A Rock Voice Resounds: Eric Martin’s Unleashed & Unplugged in Manila

Eric Martin is no stranger to Manila.

As the front man of MR. BIG, he has stood before thousands in packed arenas, his voice riding on waves of heavy riffs and thunderous drums. On September 15, 2025, that same voice was heard again in the city, though this time within the walls of Café Shylō, a venue whose scale could not have been further from the arenas of old.

Presented by PULP Live World, the evening titled Unleashed & Unplugged was less about volume and spectacle and more about rediscovering what happens when rock anthems are stripped to their core.

What followed was not merely a concert but a conversation. With guitarist David Cotterill beside him, Martin opened with “Daddy, Brother, Lover, Little Boy” and “Take Cover”, songs that in their original form carried the bravado of an era. Here they were leaner, more exposed, yet no less insistent. By the time “Alive and Kickin’” rolled in, the crowd was firmly with him. Manila was also treated to something exceptional: “Back in Blue”, an unreleased song rarely, if ever, performed. It felt less like a bonus track and more like a reminder that artists of Martin’s stature still have secrets left to share.

The set unfolded with deliberate pacing. “Wild World and Fragile” offered quiet, reflective passages, followed by the emotional peak of “Just Take My Heart.” Later came “Shine”, “Superfantastic”, “Promise Her the Moon”, and “Voodoo Kiss.” Each song carried the weight of familiarity, yet the intimacy of the room reshaped them into something almost personal. When the night closed with “To Be With You”, Martin’s most enduring hit with MR. BIG, the audience had already transformed into a chorus, singing not as spectators but as participants in a memory renewed.

Throughout, Martin treated the performance with a craftsman’s rigor. He repeatedly signaled for adjustments to his guitar sound, unwilling to let the technical details slip. His focus was not diluted by the smaller scale of the room. If anything, it sharpened. He sang as though the stakes were no different than at Araneta Coliseum or Budokan. That refusal to compromise elevated the performance, giving weight to every lyric he delivered.

At one point he paused to reflect, the room falling quiet as he spoke. “I will be forever known as the singer of MR. BIG,” he told the crowd, a statement delivered without irony or hesitation. It was both a recognition of how history will remember him and an acceptance of the role he continues to play in keeping those songs alive.

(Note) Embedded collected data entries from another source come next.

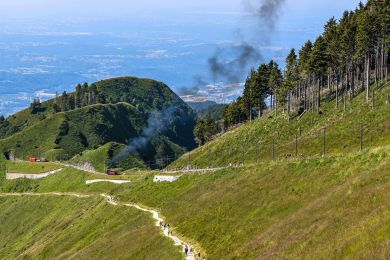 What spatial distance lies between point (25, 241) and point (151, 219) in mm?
43307

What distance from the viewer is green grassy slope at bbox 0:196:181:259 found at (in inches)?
2586

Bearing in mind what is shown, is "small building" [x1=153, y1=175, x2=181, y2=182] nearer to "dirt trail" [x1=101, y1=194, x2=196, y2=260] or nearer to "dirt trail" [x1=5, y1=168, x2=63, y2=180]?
"dirt trail" [x1=101, y1=194, x2=196, y2=260]

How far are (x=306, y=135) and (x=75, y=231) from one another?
163ft

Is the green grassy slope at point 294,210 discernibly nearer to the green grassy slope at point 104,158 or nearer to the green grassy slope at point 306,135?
the green grassy slope at point 306,135

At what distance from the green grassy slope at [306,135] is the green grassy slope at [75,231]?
3330cm

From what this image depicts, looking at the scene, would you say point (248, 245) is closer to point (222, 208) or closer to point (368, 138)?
point (222, 208)

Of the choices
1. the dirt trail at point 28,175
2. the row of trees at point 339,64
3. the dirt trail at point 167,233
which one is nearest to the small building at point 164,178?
the dirt trail at point 167,233

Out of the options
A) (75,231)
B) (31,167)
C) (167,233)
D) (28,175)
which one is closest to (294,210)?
(167,233)

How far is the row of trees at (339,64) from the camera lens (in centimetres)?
12369

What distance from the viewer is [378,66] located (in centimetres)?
13000

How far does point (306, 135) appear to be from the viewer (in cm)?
11581

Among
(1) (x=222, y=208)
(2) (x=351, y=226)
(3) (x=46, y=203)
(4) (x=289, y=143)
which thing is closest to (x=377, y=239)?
(2) (x=351, y=226)

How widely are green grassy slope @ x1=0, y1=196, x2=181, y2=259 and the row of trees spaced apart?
177 ft

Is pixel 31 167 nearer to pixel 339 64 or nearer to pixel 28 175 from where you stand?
pixel 28 175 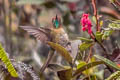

The audience responded not with silence but with applause, as though to confirm that the legacy he named was still very much present before them.

Later, he leaned forward with something closer to a promise. “Maybe we can return next year,” he said, and the line drew a cheer that filled the café. The remark seemed casual on its surface, yet for fans who had followed the band across decades, it carried weight. It suggested continuity, the possibility that what had unfolded that night was not a farewell but a prelude. In the span of a few sentences, Martin bridged past and future, anchoring himself as both a figure of memory and an artist still writing the next chapter.

For fans who have followed MR. BIG across decades, the show was more than nostalgia. It was proof that a song can endure beyond the arena, that its power does not fade when the amplifiers are dialed back. In Pasig, Eric Martin’s voice remained both familiar and vital, and the Filipino audience responded in kind, singing with a devotion that has long made this city one of rock music’s most loyal homes.